EXERCISE – Copy out every line of the data that has the word "caviar" somewhere in it.

Top of SOURCE DATA

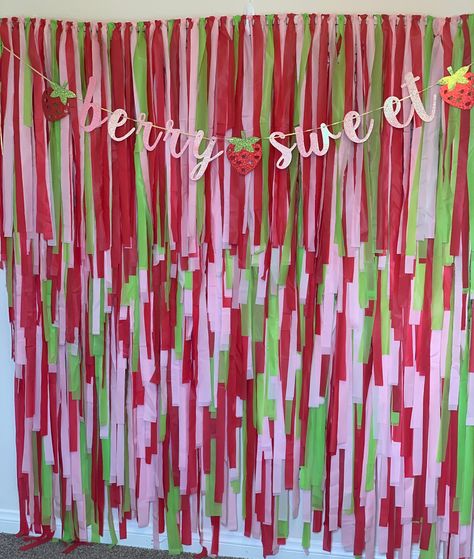 🍓BERRY Sweet One First Birthday🍓 -Red, Pink and Green  🍓Includes: fringe backdrop and berry sweet banner, ONE strawberry backdrop (shown with the balloons) happy birthday burlap banner, high chair fringe burlap banner. Does not include balloons, party hat or anything else shown but not listed.  🍓Handmade ready to hang fringe back drop. This backdrop is the perfect addition to any decor or party. Birthday parties, bachelorette parties, backdrop photos, dessert setups and much more! This fringe banner can be custom made and match any theme. It's reusable and can be used indoors or blows beautifully in the wind outside. 🍓Size-  backdrop is 5 ft across and 5 ft long. Can be hung a little higher to use the full length.  🍓How to hang- I recommend using command hooks on each end. The pictur Two Sweet Berry Party, Berry Birthday Backdrop, Berry First Birthday Photo Backdrop, Strawberry Photo Backdrop, Berry First Birthday Party Diy, Berry Balloon Garland, Berry Party Decorations, Diy Strawberry Decorations Birthday Parties, Strawberry Theme Party Decorations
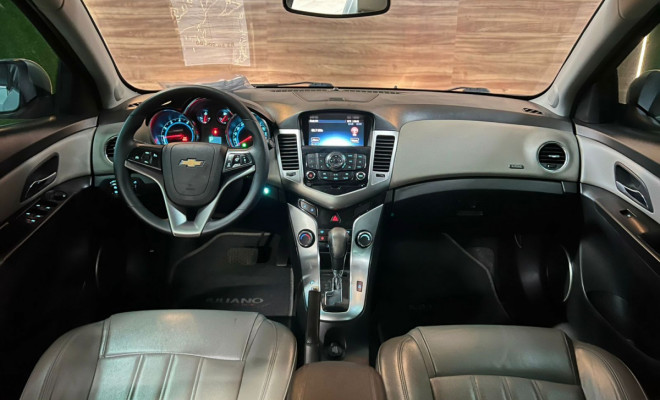 GM - Chevrolet CRUZE LTZ 1.8 16V FlexPower 4p Aut. 2012 Flex-4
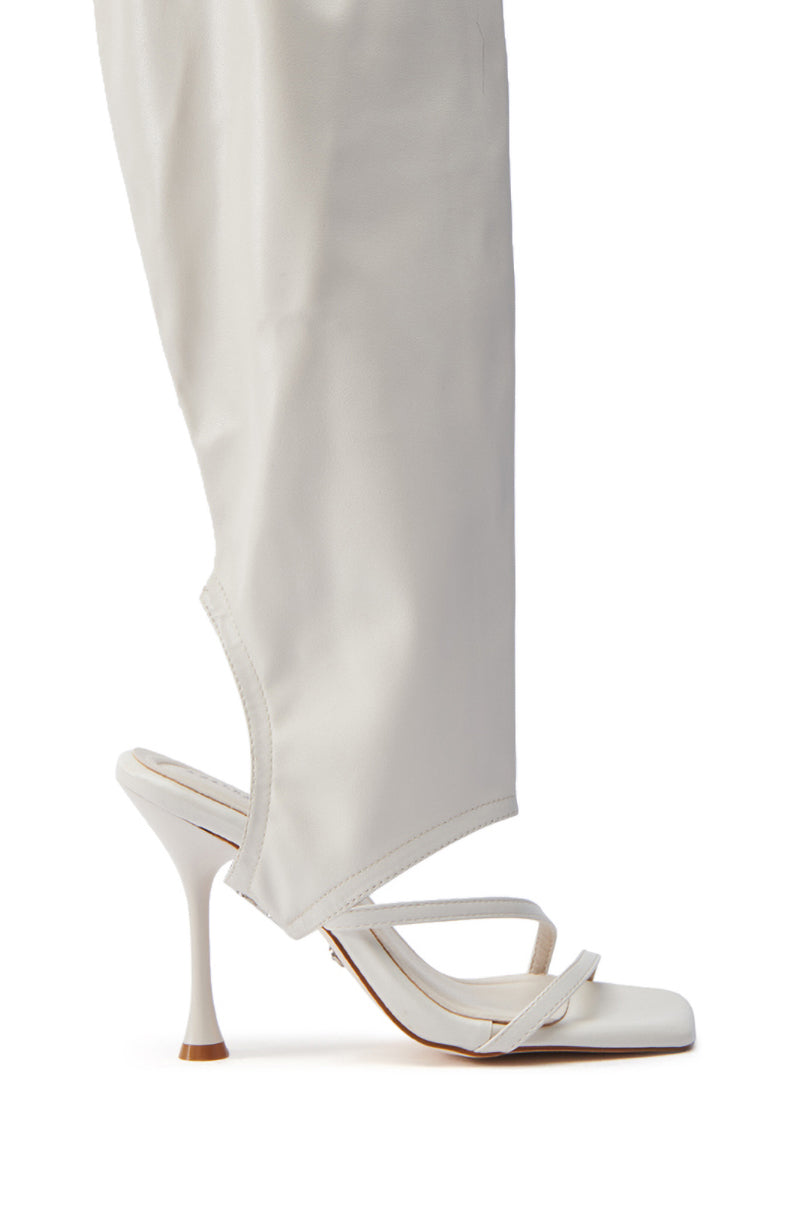 AZALEA WANG FADEYA OFF WHITE SANDAL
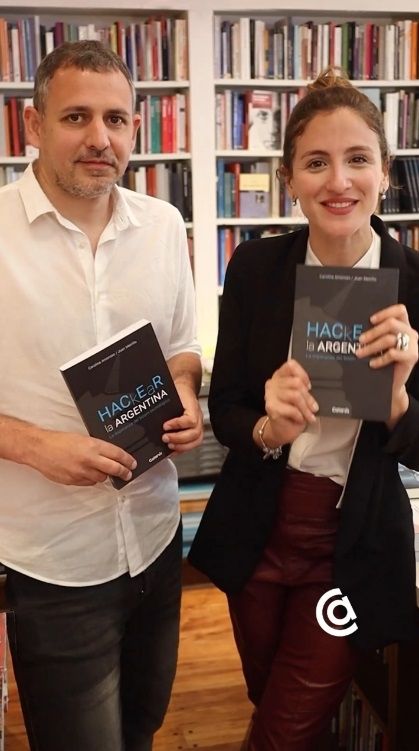 Libro de Carolina Amoroso.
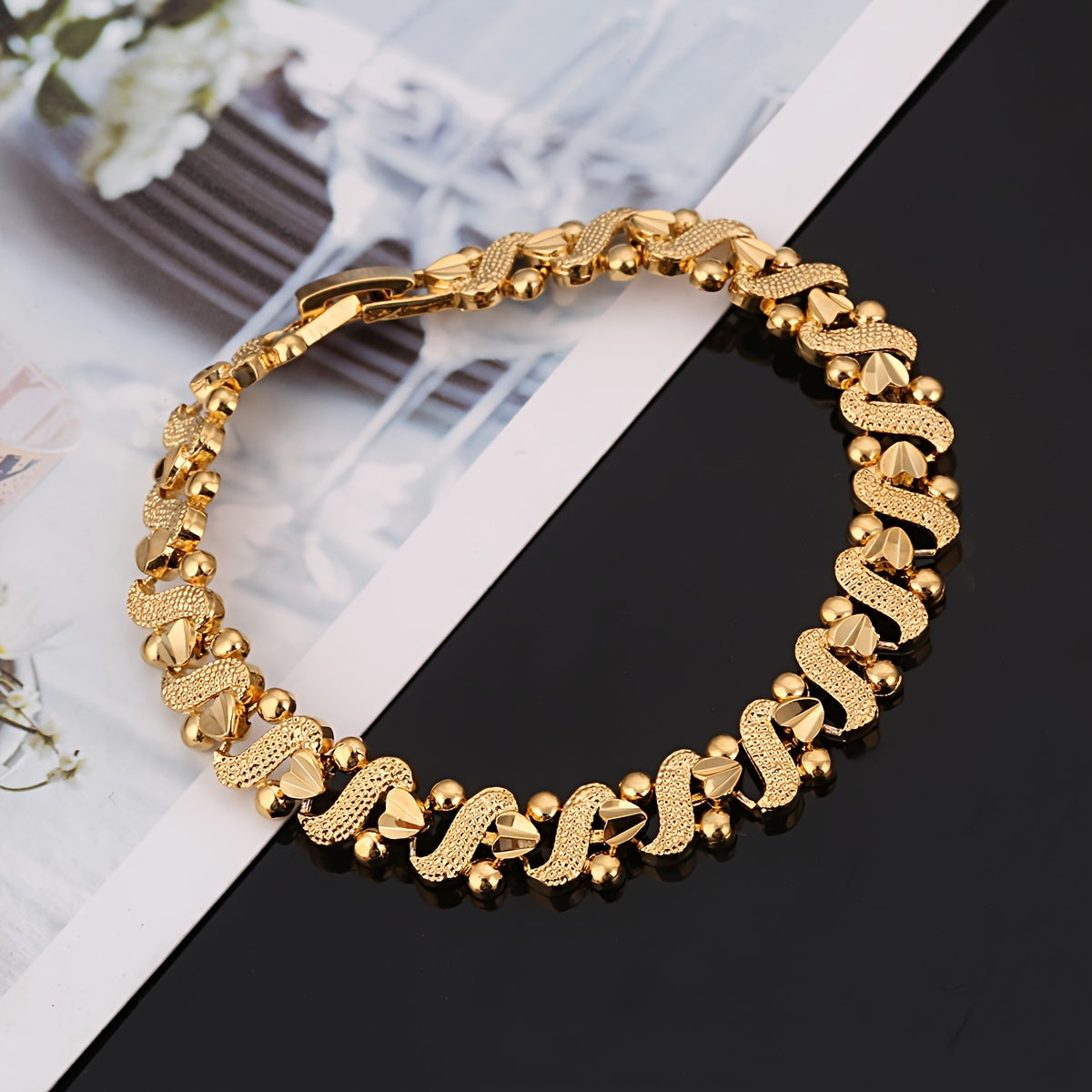 Lily | Pulsera Ondas Ornamentales Doradas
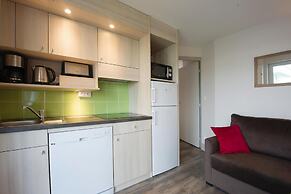 Holiday Home in Blyriot Plage With Pool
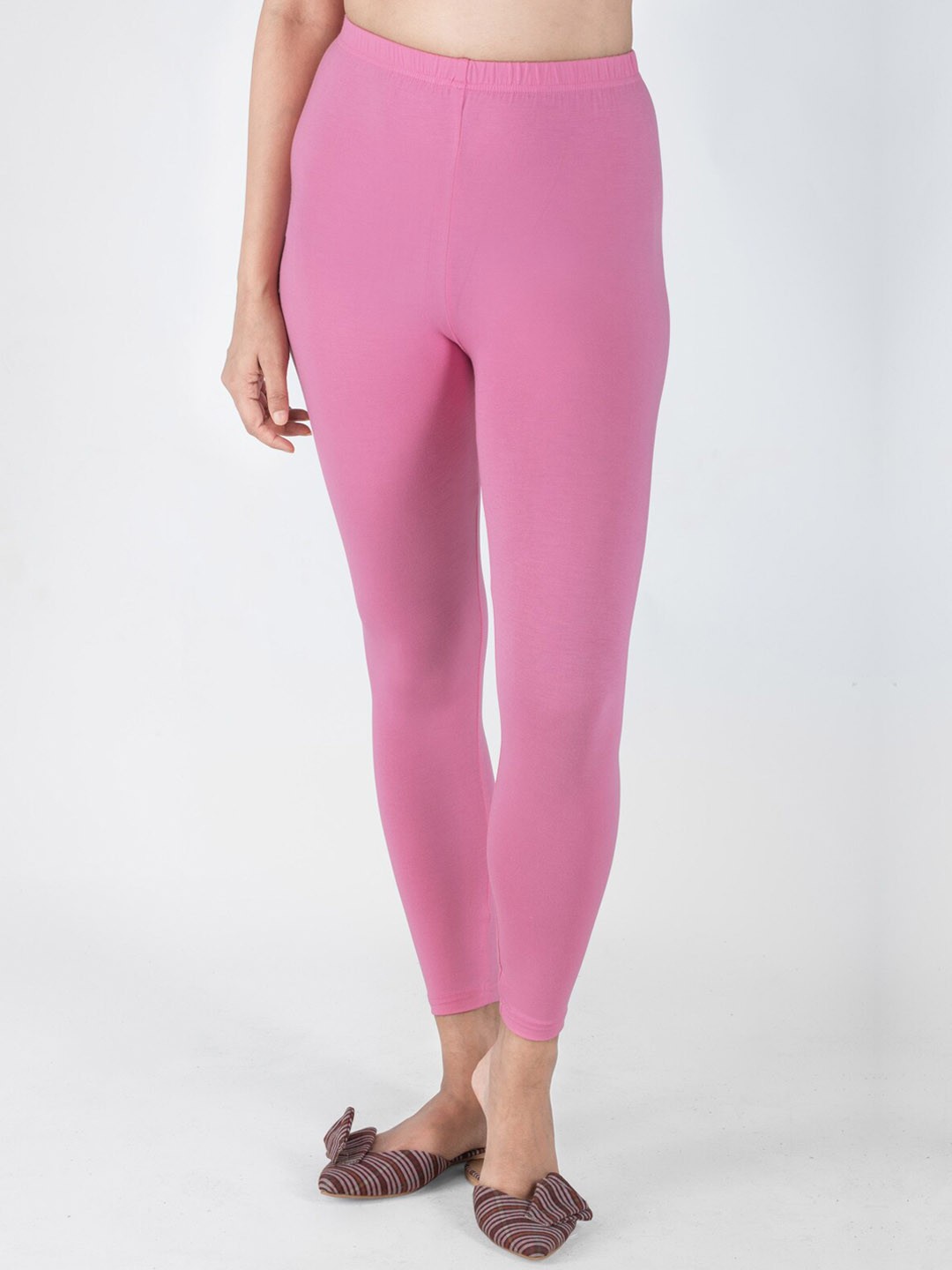 

indian flower Women Solid Ankle Length Leggings, Pink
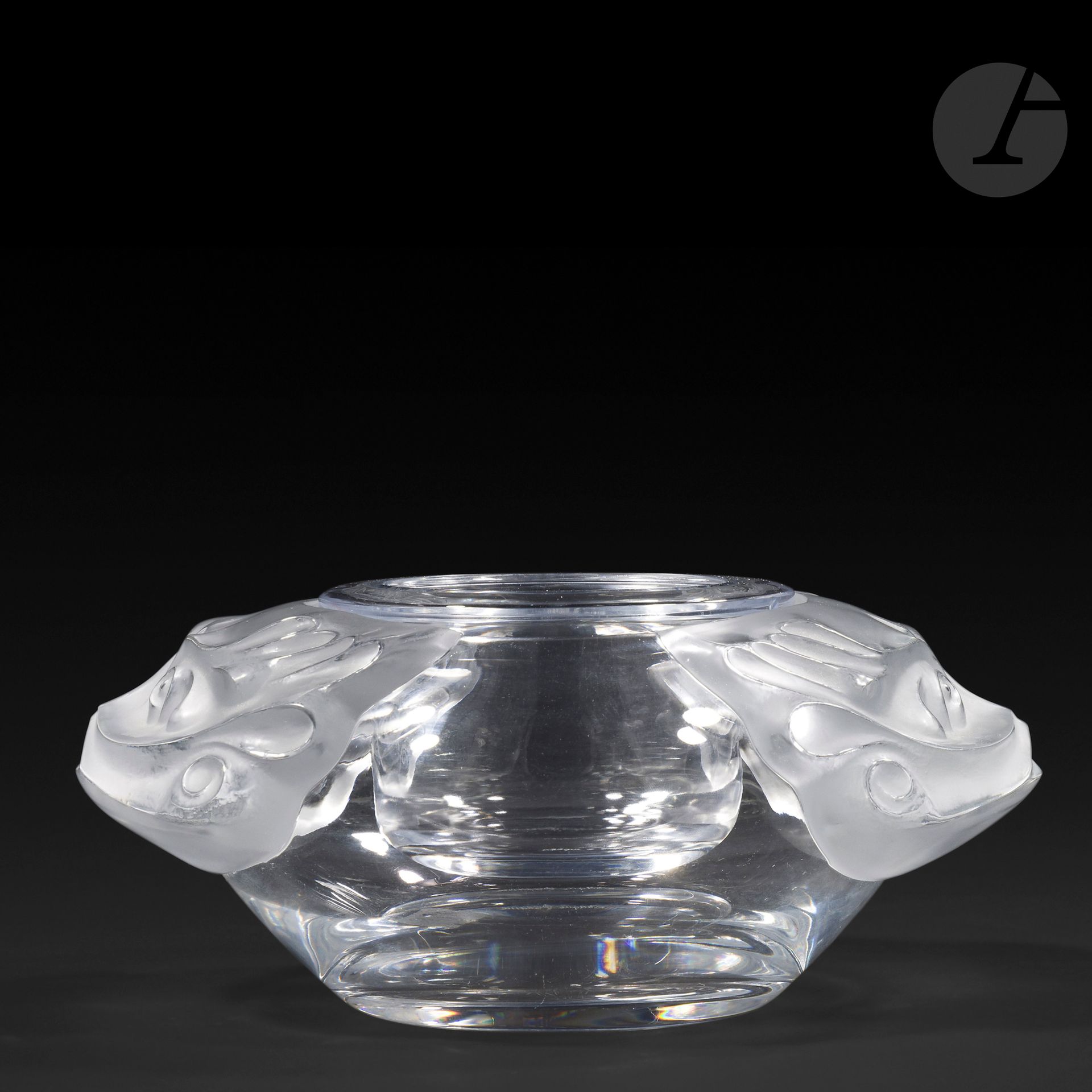 MAISON LALIQUE
Olga 
Coupe à caviar pansue au décor en relief.
Épreuve en cristal moulé-pressé et, en partie, satiné; le réceptacle amovible. 
Un éclat sur le pourtour du récipient à caviar.
Signée sur les deux parties LALIQUE ® France en lettres cursives, à la pointe sous la base. 
Hauteur : 9,5 cm – Longueur : 22 cm – Largeur: 16 cm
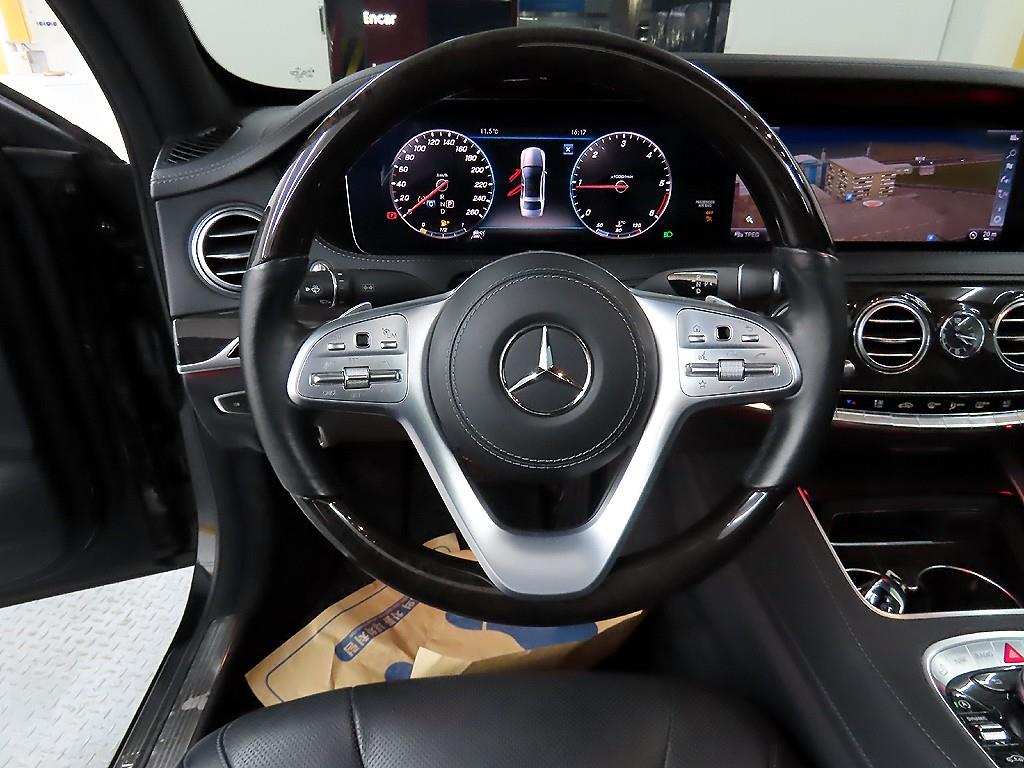 Mercedes Benz S Class - Vista 9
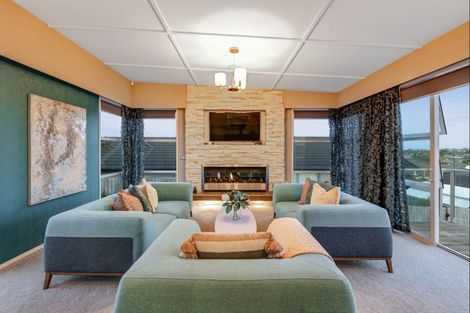 Photo of property in 21 Grand Drive, Orewa, 0931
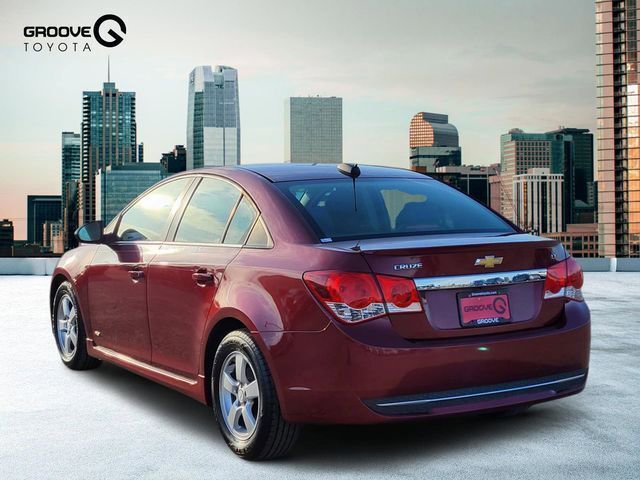 Used 2015 Chevrolet Cruze LT FWD image 3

Bottom of SOURCE DATA

RESPONSE BELOW –
Coupe à caviar pansue au décor en relief.
Un éclat sur le pourtour du récipient à caviar.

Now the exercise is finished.